**Exercise objective**
From the first line to the last, please print the entries exactly, omitting pictures.

**Records provided**
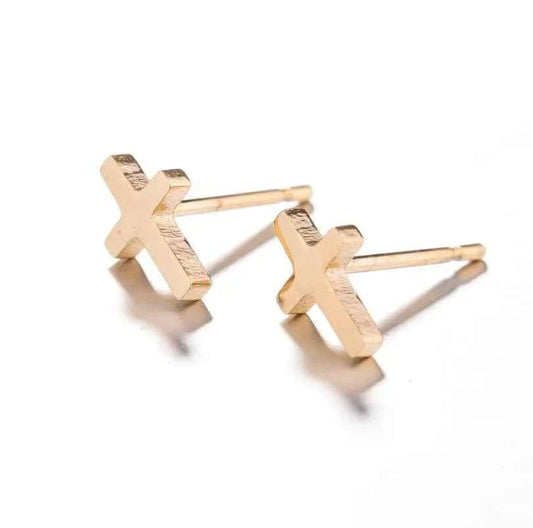 1 Pair Simple Style Cross Plating 304 Stainless Steel 18K Gold Plated Ear Studs
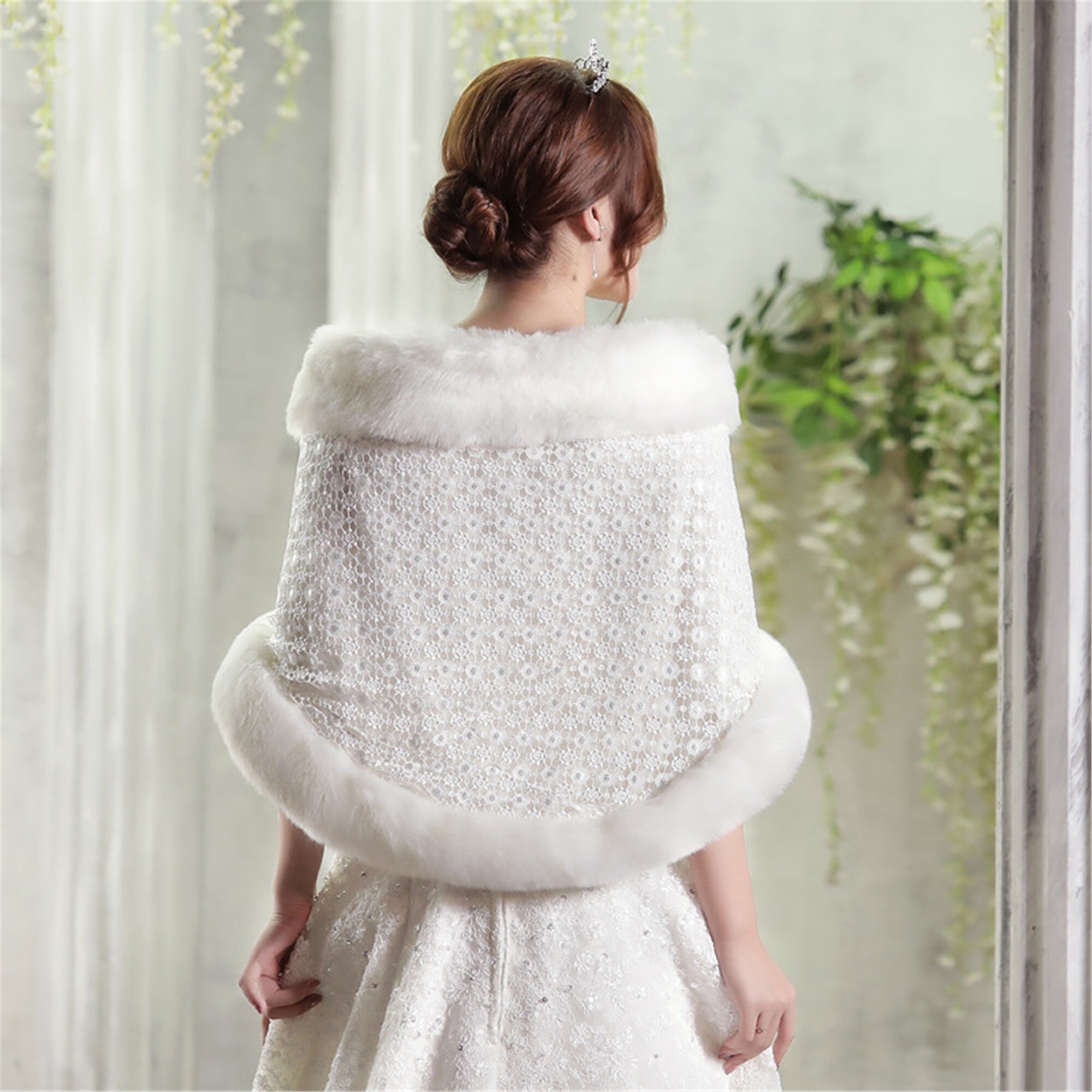 Ivory Lace Faux Fur Wrap Faux Fur Shrug Wedding Dress Wrap | Etsy
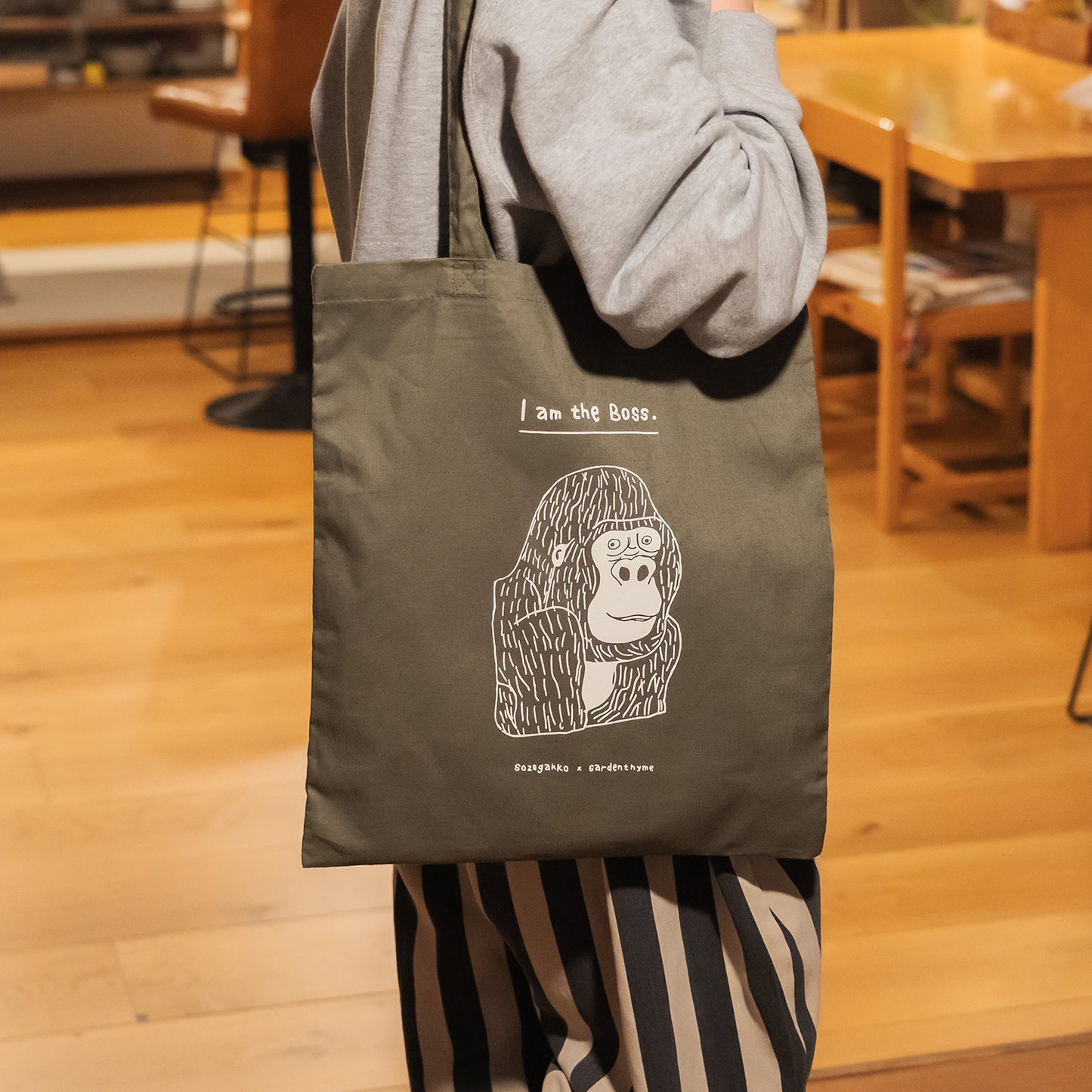 【新商品】カラートートバッグ｜ I am the BOSS.（オリーブ/レンガ）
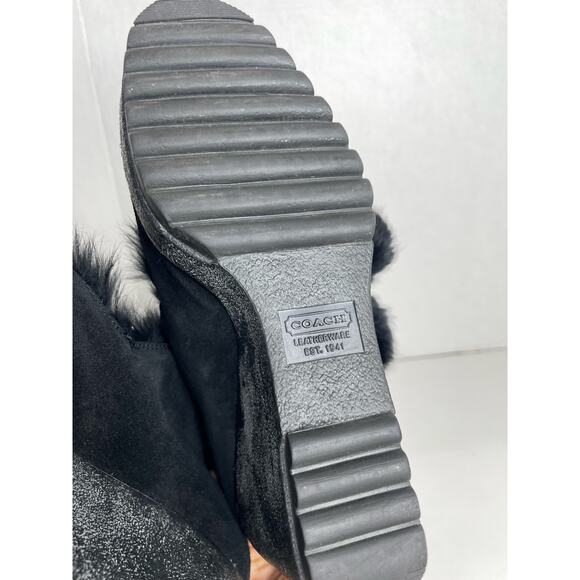 COACH Kataya Boot Black Suede Rabbit Fur Trim Lace Up Wedge Booties Size 6.5 - Picture 6 of 8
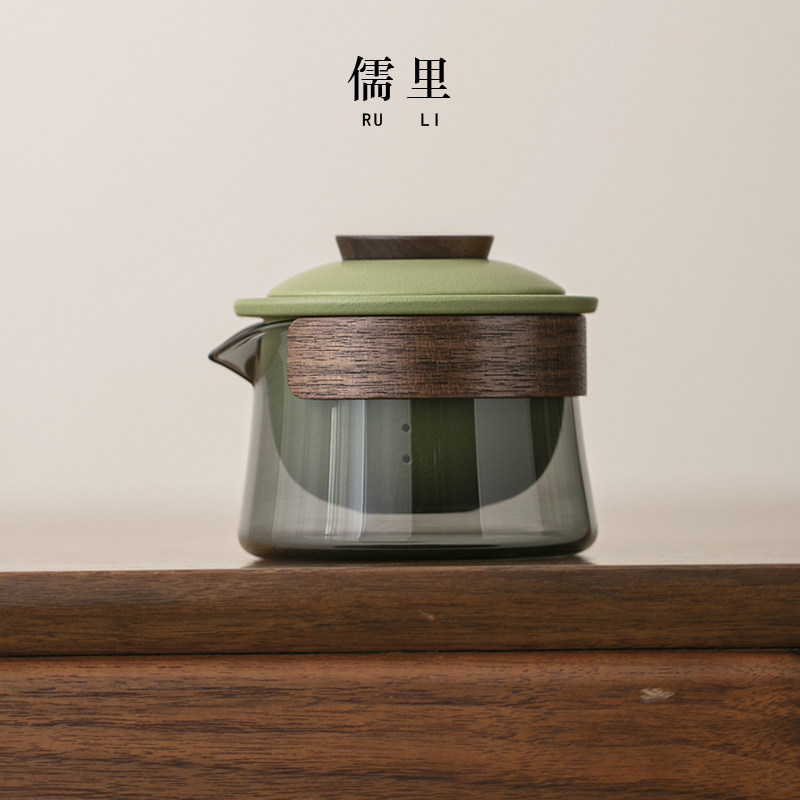 儒里玻璃盖碗茶杯单个高档泡茶壶手抓壶功夫茶具单壶一人饮泡茶杯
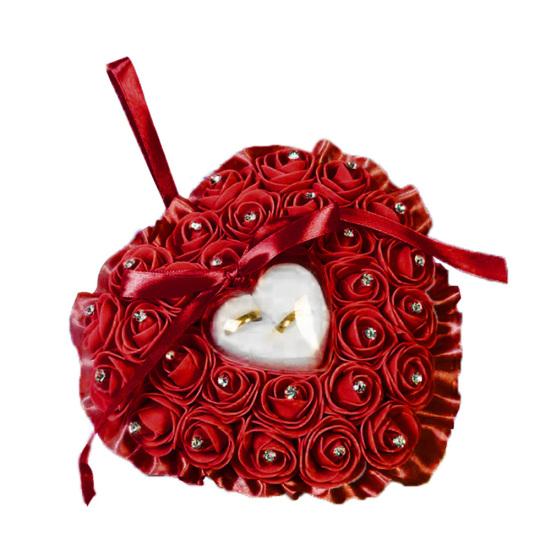 Boîte à bagues de mariage incrustée de Faux Rose en forme de cœur, support de rangement, coussin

**Answer section**
 1 Pair Simple Style Cross Plating 304 Stainless Steel 18K Gold Plated Ear Studs
 Ivory Lace Faux Fur Wrap Faux Fur Shrug Wedding Dress Wrap | Etsy
 【新商品】カラートートバッグ｜ I am the BOSS.（オリーブ/レンガ）
 COACH Kataya Boot Black Suede Rabbit Fur Trim Lace Up Wedge Booties Size 6.5 - Picture 6 of 8
 儒里玻璃盖碗茶杯单个高档泡茶壶手抓壶功夫茶具单壶一人饮泡茶杯
 Boîte à bagues de mariage incrustée de Faux Rose en forme de cœur, support de rangement, coussin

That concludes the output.